Различие между личными и общественными интересами поднимает беспо­коящий вопрос о том, что же такое в действительности общественные интере­сы? Общественные интересы могут быть определены, интерпретированы, и в случае необходимости они могут подавить конфликтующие с ними личные ин­тересы. Эту задачу лучше всего выполняет живущий правитель, поскольку он может скорректировать свою политику в зависимости от обстоятельств. Если же эта функция предоставлена некоторому институту, вероятно, что она будет ис­полняться усложненным, негибким и в итоге неэффективным способом. Инсти­тут будет стремиться не допускать изменений, но в длительной перспективе он не сможет добиться успеха.

Однако общий интерес можно определить лишь в теории. На практике он, вероятно, будет отражать интересы правителей. Именно они провозглашают превосходство социального целого, и именно они подчиняют своей воле непо­корных индивидов. Если не считать того, что они являются абсолютными альт­руистами, они также получают от этого определенные выгоды. Правители не обязательно удовлетворяют свои частные, эгоистические интересы, но они как класс извлекают выгоду из существующей системы: по определению, они явля­ются правящим классом.

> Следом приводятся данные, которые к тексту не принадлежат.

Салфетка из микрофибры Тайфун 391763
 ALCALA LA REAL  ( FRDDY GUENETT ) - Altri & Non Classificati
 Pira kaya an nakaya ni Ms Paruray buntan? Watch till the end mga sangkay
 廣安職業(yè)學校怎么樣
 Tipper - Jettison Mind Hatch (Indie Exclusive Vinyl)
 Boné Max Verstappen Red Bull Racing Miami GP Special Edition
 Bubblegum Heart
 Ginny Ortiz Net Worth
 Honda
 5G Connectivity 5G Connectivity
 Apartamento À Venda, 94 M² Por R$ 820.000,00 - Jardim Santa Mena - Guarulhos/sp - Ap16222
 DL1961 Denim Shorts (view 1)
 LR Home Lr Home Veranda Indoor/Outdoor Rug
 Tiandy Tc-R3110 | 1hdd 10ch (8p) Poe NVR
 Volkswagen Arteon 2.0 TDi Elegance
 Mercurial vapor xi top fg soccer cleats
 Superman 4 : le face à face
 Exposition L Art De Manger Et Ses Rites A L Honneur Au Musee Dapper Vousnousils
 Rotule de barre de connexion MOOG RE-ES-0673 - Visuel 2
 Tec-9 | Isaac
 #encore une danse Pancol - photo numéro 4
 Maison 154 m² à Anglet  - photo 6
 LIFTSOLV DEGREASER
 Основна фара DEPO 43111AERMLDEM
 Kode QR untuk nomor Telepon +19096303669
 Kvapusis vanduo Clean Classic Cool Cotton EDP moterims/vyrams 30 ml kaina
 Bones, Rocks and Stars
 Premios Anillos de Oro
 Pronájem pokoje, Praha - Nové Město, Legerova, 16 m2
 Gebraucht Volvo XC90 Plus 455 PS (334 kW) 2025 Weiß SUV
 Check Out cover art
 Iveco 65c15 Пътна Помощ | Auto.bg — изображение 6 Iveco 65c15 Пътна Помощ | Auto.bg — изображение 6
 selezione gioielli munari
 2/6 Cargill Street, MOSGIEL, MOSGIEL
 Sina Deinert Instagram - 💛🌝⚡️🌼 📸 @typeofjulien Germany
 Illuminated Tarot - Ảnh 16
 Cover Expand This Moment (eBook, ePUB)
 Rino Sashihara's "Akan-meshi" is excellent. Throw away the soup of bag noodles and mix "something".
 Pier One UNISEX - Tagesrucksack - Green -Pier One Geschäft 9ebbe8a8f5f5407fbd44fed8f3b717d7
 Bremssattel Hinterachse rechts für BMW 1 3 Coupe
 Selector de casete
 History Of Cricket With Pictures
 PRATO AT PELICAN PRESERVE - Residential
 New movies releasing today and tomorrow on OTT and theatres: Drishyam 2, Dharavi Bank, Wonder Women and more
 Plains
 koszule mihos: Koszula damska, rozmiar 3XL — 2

Поскольку члены различных классов четко определе­ны, подчинение человека социальному целому приводит к подчинению одного класса другому. Закрытое общество может быть, следовательно, описано как об­щество, основанное на классовой эксплуатации. В открытом обществе эксплуа­тация также может возникнуть, но, поскольку позиция человека не является же­стко фиксированной, оно действует не на классовой основе. Классовая эксплуа­тация в том смысле, в каком этот термин использовал Маркс, может существо­вать только в закрытом обществе. Маркс внес значительный вклад в теорию, ког­да предложил эту концепцию, так же, как Менений Агриппа, когда он сравнил общество с организмом. Оба они, однако, применяли свои идеи не к тому типу общества.